Look below for the line with "Pineapple Hawaiian Theme", then repeat it and all lines after it, exactly, minus any pictures.

GIVEN INFORMATION:
* * * *
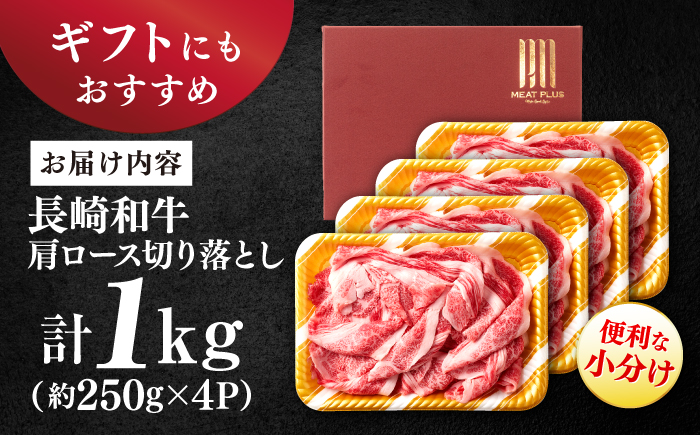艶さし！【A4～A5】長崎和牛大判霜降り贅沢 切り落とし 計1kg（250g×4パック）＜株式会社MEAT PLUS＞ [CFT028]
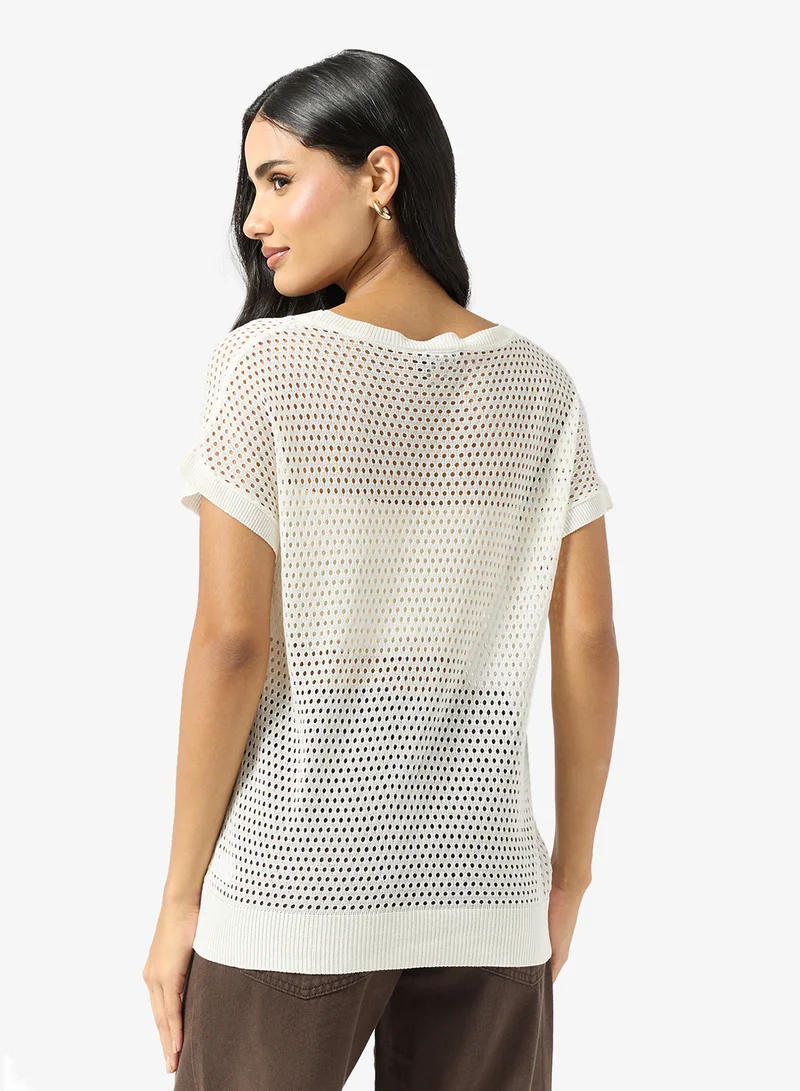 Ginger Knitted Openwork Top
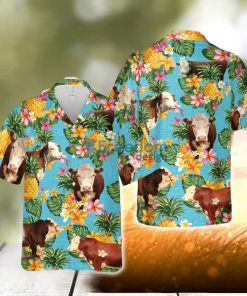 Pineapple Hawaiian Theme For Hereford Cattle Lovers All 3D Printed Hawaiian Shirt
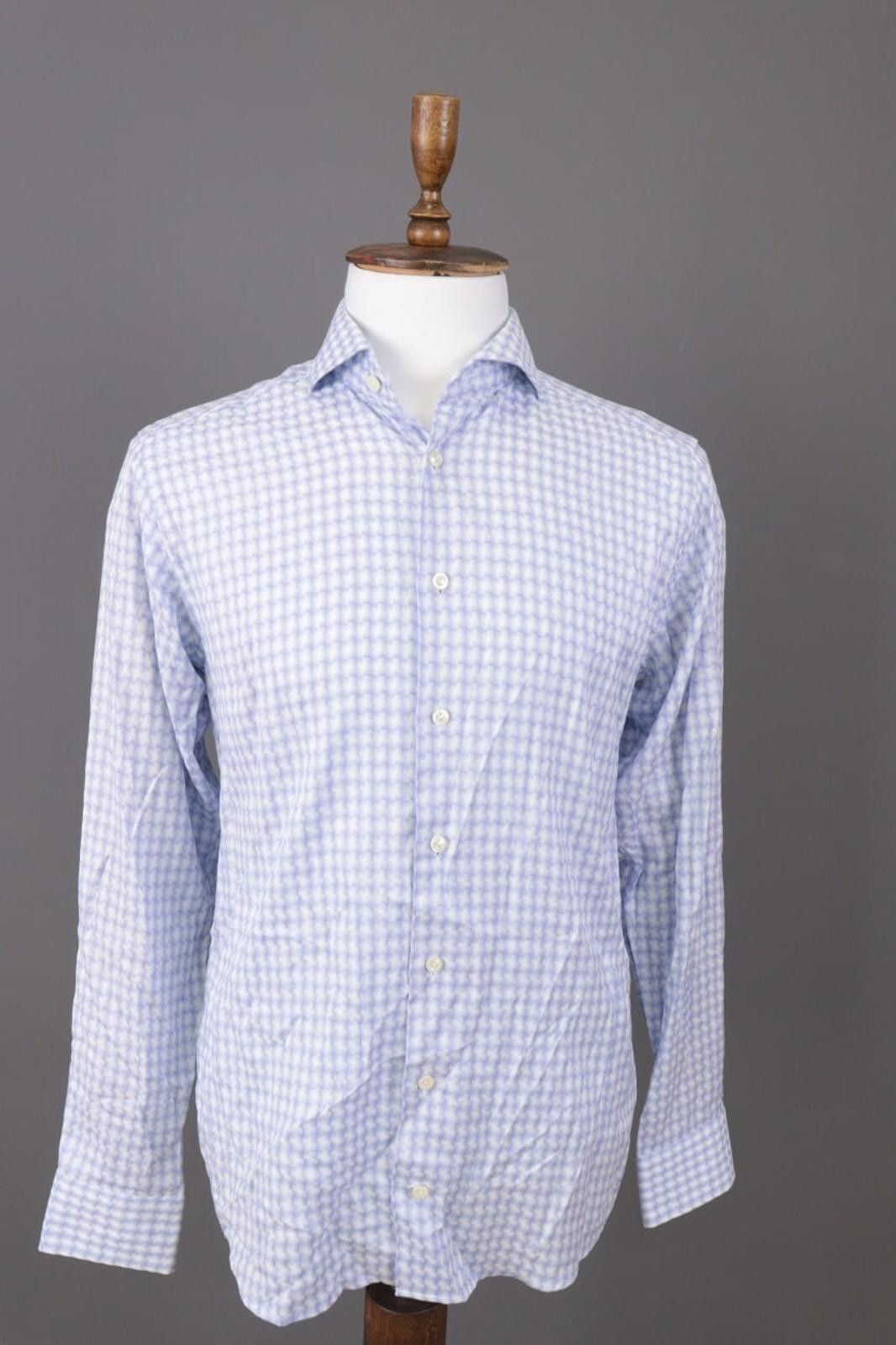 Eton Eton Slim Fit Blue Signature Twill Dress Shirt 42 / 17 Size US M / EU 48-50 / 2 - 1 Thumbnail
* * * *
REPLY:
 Pineapple Hawaiian Theme For Hereford Cattle Lovers All 3D Printed Hawaiian Shirt
 Eton Eton Slim Fit Blue Signature Twill Dress Shirt 42 / 17 Size US M / EU 48-50 / 2 - 1 Thumbnail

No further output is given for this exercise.